§ **The input**:
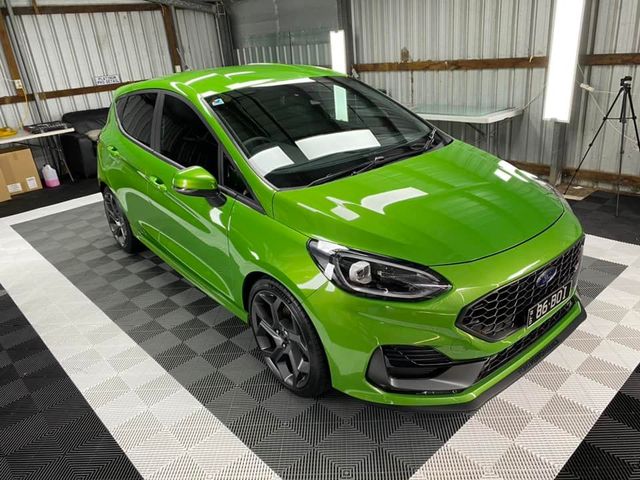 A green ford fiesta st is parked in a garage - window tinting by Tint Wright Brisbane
---
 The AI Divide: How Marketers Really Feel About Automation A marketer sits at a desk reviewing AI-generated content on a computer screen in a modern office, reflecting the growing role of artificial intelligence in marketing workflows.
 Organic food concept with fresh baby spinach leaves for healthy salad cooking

§ **Task to complete**:
In the listing above, find the line with "The AI Divide: How" and the line with "Organic food concept", then print exactly those two lines and every line between them, and nothing more.

§ **Solution for this task**:
 The AI Divide: How Marketers Really Feel About Automation A marketer sits at a desk reviewing AI-generated content on a computer screen in a modern office, reflecting the growing role of artificial intelligence in marketing workflows.
 Organic food concept with fresh baby spinach leaves for healthy salad cooking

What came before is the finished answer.